商品のアイデアや機能、デザインを、在庫を抱える前に世の中にクラウドファンディングを通して、需要を問うというやり方です。クラウドファンディングではメーカー系の商品は多いです。明らかに新規性がある商品などは、商品スペックそのものを動画などを使ってアピールするのが良いでしょう。そうでない場合は、ものづくりへの想いやストーリーを訴求することでコンセプトに共感してくれるのか?を問うことが重要です。

集客もSNSを活用して、知人から知人へ拡散されることを狙いましょう。シェアしてくれている人の傾向をみたり、コメントを分析することから、ニーズを把握することもできます。

リターンとしては、商品自体を用意することがおすすめです。その商品自体がその価格で買ってもらえるのか?をテストできます。色や大きさなどに複数のアイデアがあればそれを複数並べてみることでテストすることができます。メーカーの場合のリターン設定のテクニックとしては、卸先となる小売店向けの複数個のパックを用意しておくことです。  

Webサービス

【SNS×クラウドファンディング】
WebサービスもSNSとクラウドファンディングの活用をおすすめしますが、難易度は高まります。Webサービスの課金に必要なサービスを売るというものです。課金に値する機能なのか?をクラウドファンディングを通して問います。

リターンについては、例えば月額1,000円のサービスであればそれを年間使用料というかたちにして、年間契約にする分、例えば2か月分は無料にして10,000円を設定するといったことができます。

難易度が高いというのは、Webサービスの前提がフリーミアムモデルで、多くは無料で使っているユーザーがその利用体験のなかでもっと便利に使いたいと感じる結果、課金サービスを求めるという傾向があるためです。また、解約も1か月単位や3か月単位で出来ます。いきなり課金で、かつ1年分してくれるのか?ハードルは高くなるかもしれません。

BtoB

【催事への出店】
ここまでクラウドファンディングをおすすめしてきましたが、BtoBについてはクラウドファンディングが相性はあまりよくはありません。複数社から見積もりをとる必要があったり、検討者と意思決定者が異なったり、経済合理性などが重視されることが多いので、一般消費者のように1人の判断で、気軽にネットで買うということがしづらいためです。BtoBでも、小規模のオーナー社長をターゲットにするなら公私の感覚が近いので相性は悪くない可能性はありますが。
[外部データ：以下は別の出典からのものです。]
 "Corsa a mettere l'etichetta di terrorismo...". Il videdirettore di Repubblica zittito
BtoBでもデジタルを活用する方法はありますが、テストマーケティングという視点では、特定の業種のカテゴリの集まる催事への出店がスピード、コストという点を考慮しても最適なのではないかと思います。

いくつかの事例を紹介いたしましたが、こちらにない業種については、上記の記事を参考に方法を検討してみてください。


テストマーケティングを行うにあたっての注意点

テストマーケティングは期間ではなく、アクション数をKPIに

何を基準にするのかはテストマーケティングの目的により異なりますが、期間を基準にするのではなくアクション数を基準にするようにしましょう。
  
オンラインで商品を販売する場合、集客方法や集客するターゲットによりますが、商品ページに訪問したうち実際に購入するのは多くは1%以下です。であれば最低でも100人はサイトに来させないとそもそも購入はされません。あとは検証のために必要な購入数がどの程度なのか?を逆算して最適な集客数を目安として算出しましょう。そして集客に対しての反応、つまり購入率がひとつの評価目安になります。
  
アクション数については企業の規模や目標数値によって異なってくると思いますが、商品やサービスが良いか悪いのか、改善すべき点が何か?参考にして次のアクションにつなげられるだけの説得力のあるボリュームが取れることが大切です。
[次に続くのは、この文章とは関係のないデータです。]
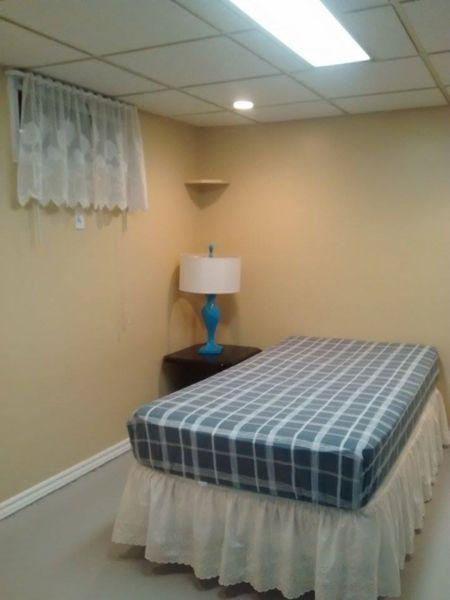 2 clean rooms with kitchenette, for roommates or can rent separa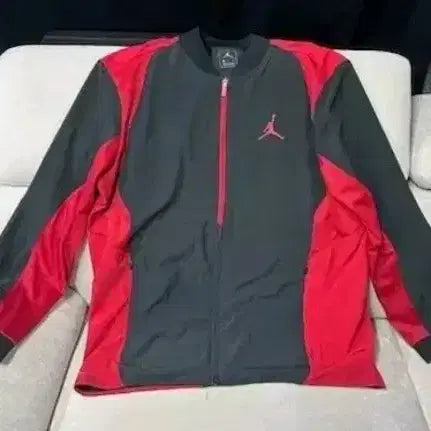 [BUNJANG] Jordan Red/Black Windbreaker Jacket / 조던 레드/블랙 바람막이 105사이즈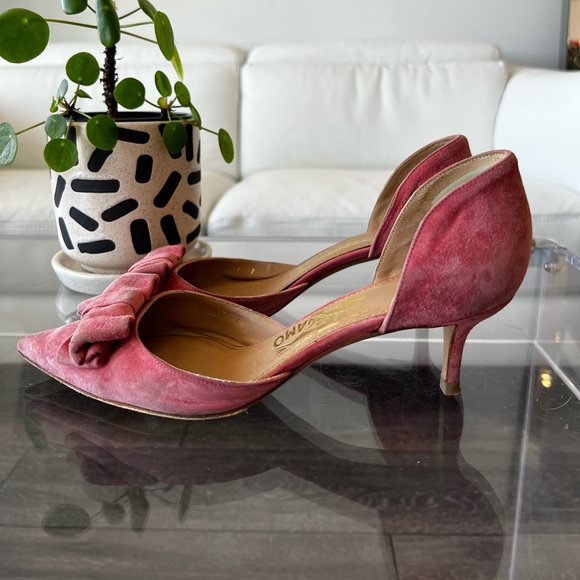 SALVATORE FERRAGAMO | POINTED TOE PINK SUEDE KITTEN HEELS - Picture 4 of 9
テストマーケティングは、実施前に「模倣」対策を要検討

ここまで「テストマーケティングを実施すべき!」という話をしてきましたが、最後にテストマーケティングを実施することで発生するリスクと注意点についてお伝えしたいと思います。それは「模倣」されるリスクです。

テストマーケティングとして試験的とはいえ、世の中のサービスを販売することになるので、商品情報がオープンになります。競合他社や同じような商品・サービスを検討している企業の目にも入ることになります。自分たちが試験販売をしている間に、商品のアイデアやネーミングを真似されて、大量に資金を投下されてまるで自分たちの商品のように販売されてしまうリスクがあります。
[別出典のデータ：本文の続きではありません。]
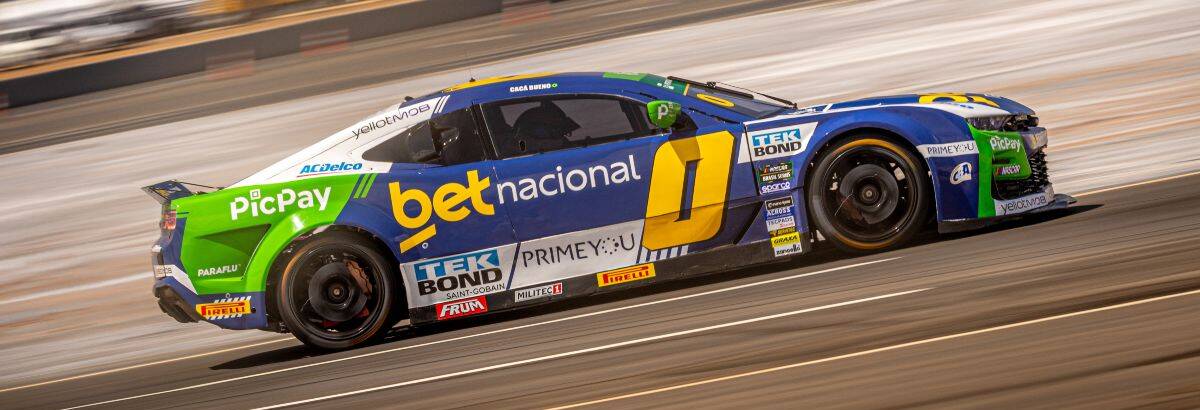 Cacá Bueno é o terceiro colocado em corrida classificatória da NASCAR Special Edition em Curvelo (MG)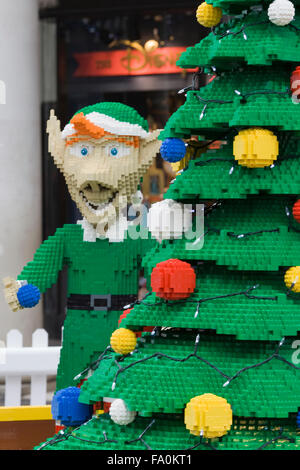 Santas Zug und Elfen mit Teddybären und Geschenke gemacht von Lego in Covent Gardens London England angezeigt Stockfoto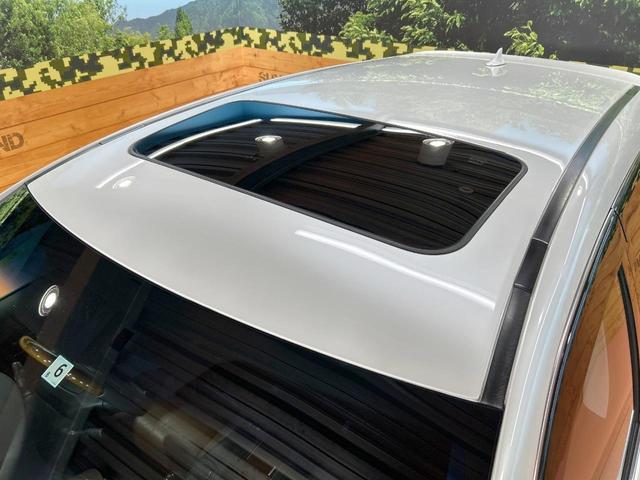 ＲＸ ＲＸ４５０ｈ　バージョンＬ　サンルーフ　フルエアロ　後席モニター　バックカメラ１００Ｖ電源　レーダークルーズ　禁煙車　電動リアゲート　茶川シート　前席シートエアコン　ヘッドアップディスプレイ　後席モニター　ＬＥＤヘッド（30枚目）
場合によっては、消費者から、真似したブランドのほうが最初からあった商品のブランドと思われてしまう可能性も出てきます

「特許」と「商標」の2つに気を付ける

これを守るのが特許であり、商標です。特許申請や商標登録によって真似されるリスクを軽減できます。特許は商品のアイデア、つまり商品自体のこと。商標はネーミングやパッケージのデザインのことです。詳しくは特許庁のウェブサイトをご覧いただくか、顧問弁護士さんにご相談ください。

ちなみに、特許庁のウェブサイトに記載されているポイントは①技術的思想の創作である「発明」が保護の対象 ②権利の対象となる発明の実施(生産、使用、販売など)を独占でき、権利侵害者に対して差し止めや損害賠償を請求できる。 ③権利期間は、出願から20年。があります。

ともに、コストはそれなりにかかります。テストマーケティングの段階でどこまでコストをかけるかはそれぞれの判断になりますが、重要なポイントとは理解してください。

商標は、サービス名やロゴの権利のことです。特定の業種のなかで1社だけに使用が認められます。業種が異なれば同じサービス名やロゴでも認められます。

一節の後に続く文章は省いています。